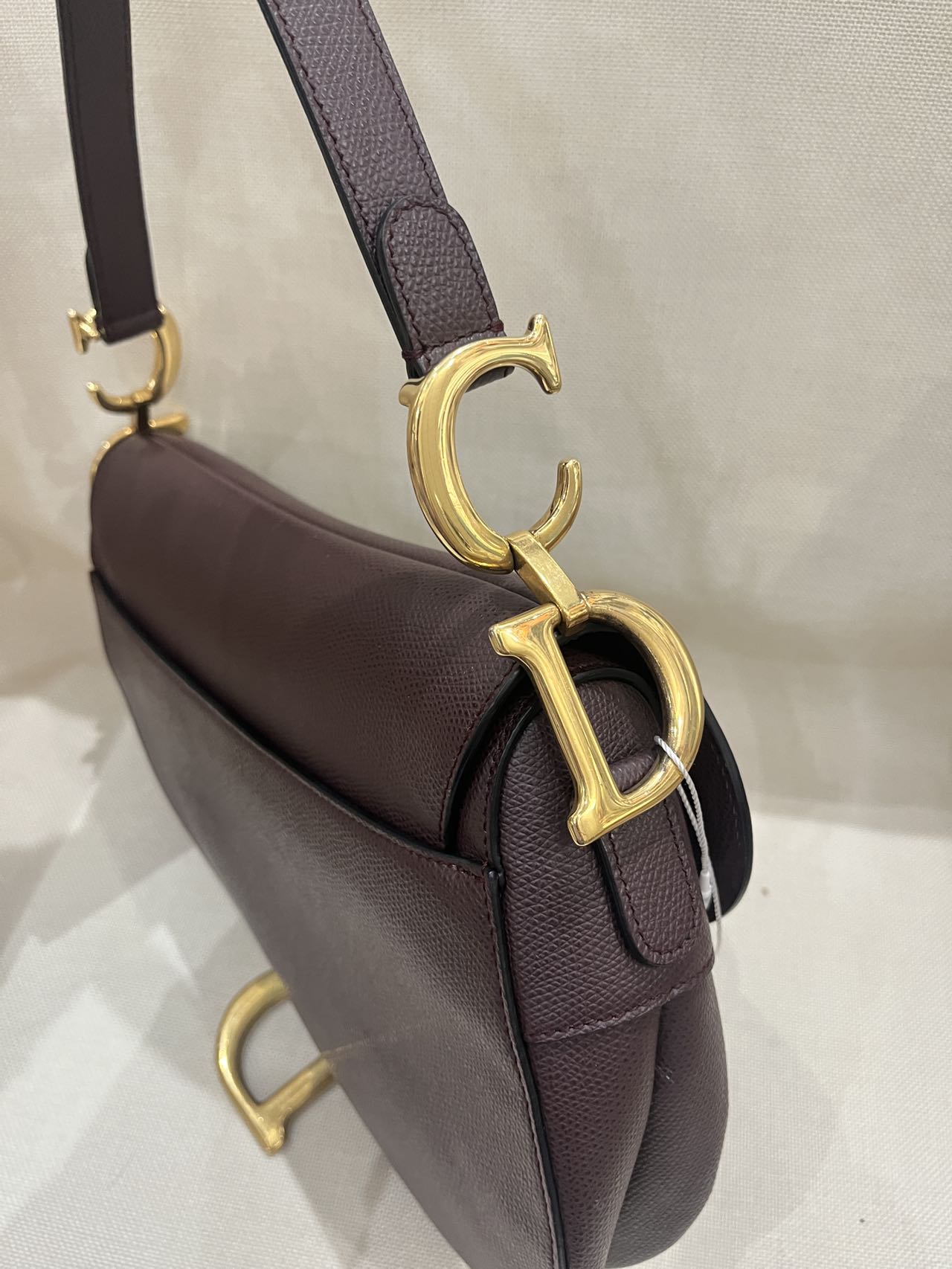 Pre-owned Certified Dior Saddle in Burgundy Brown Grained Calfskin with Golden Hardware, 2018, w/ dust bag, Dior canvas strap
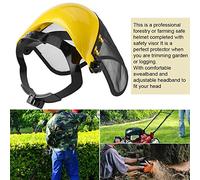 OPPWONG Casco a Motosega, Caschi di Sicurezza della Copertura del Viso con Viso di Sicurezza per Visiera a Maglie a Faccia Piena Protezione Piena di Casco di in Maglia per la Foresta di Pennello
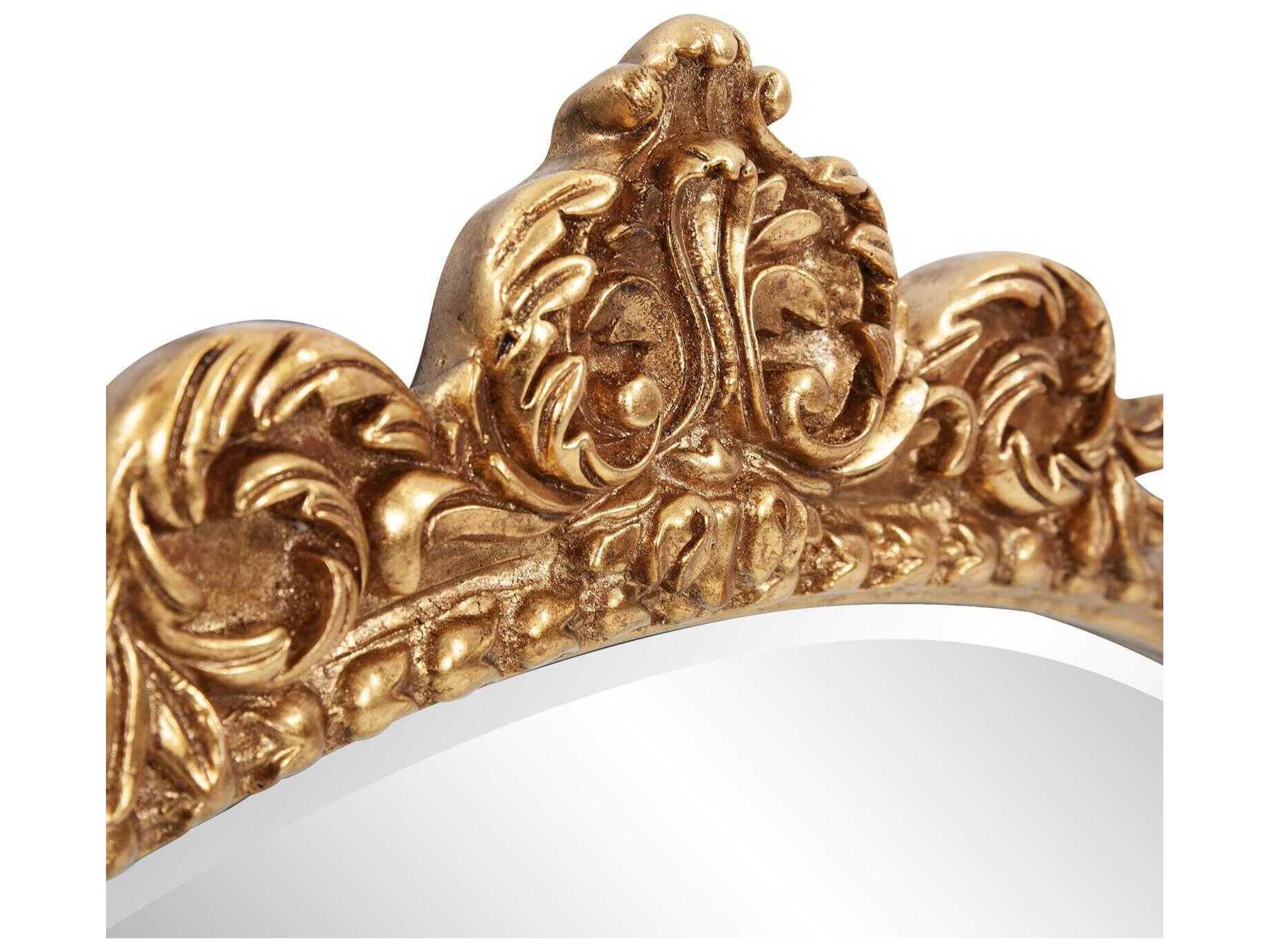 Howard Elliott Moreau Antique Gold Oval Wall Mirror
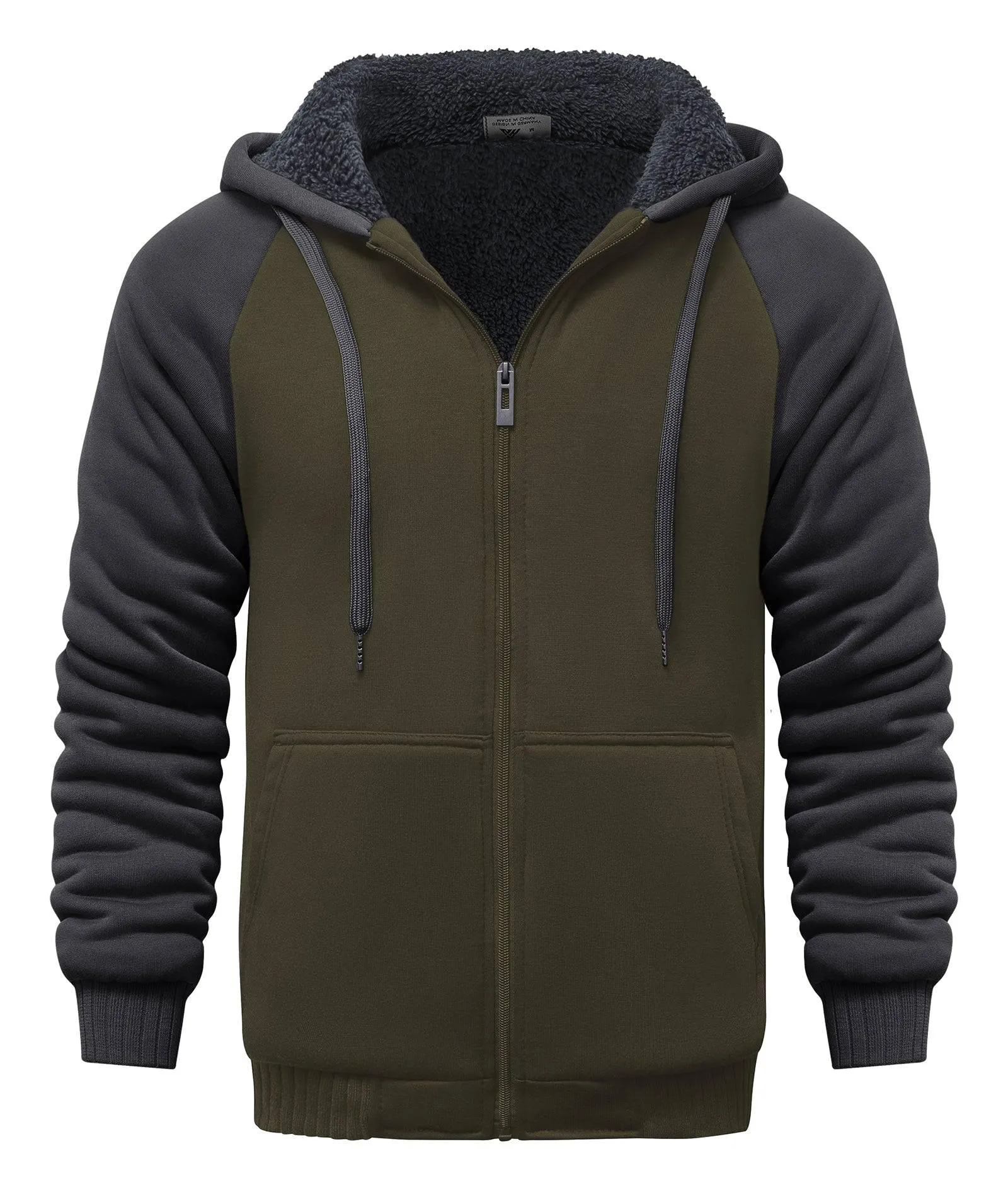 Men's Zip Up Fleece Lined Hoodie-ZPK006586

_ACTION ITEM_
The expected output is an exact copy of the lines from the one holding "Howard Elliott Moreau" through the last line of the listing above, with the pictures omitted.

_RESPONSE_
 Howard Elliott Moreau Antique Gold Oval Wall Mirror
 Men's Zip Up Fleece Lined Hoodie-ZPK006586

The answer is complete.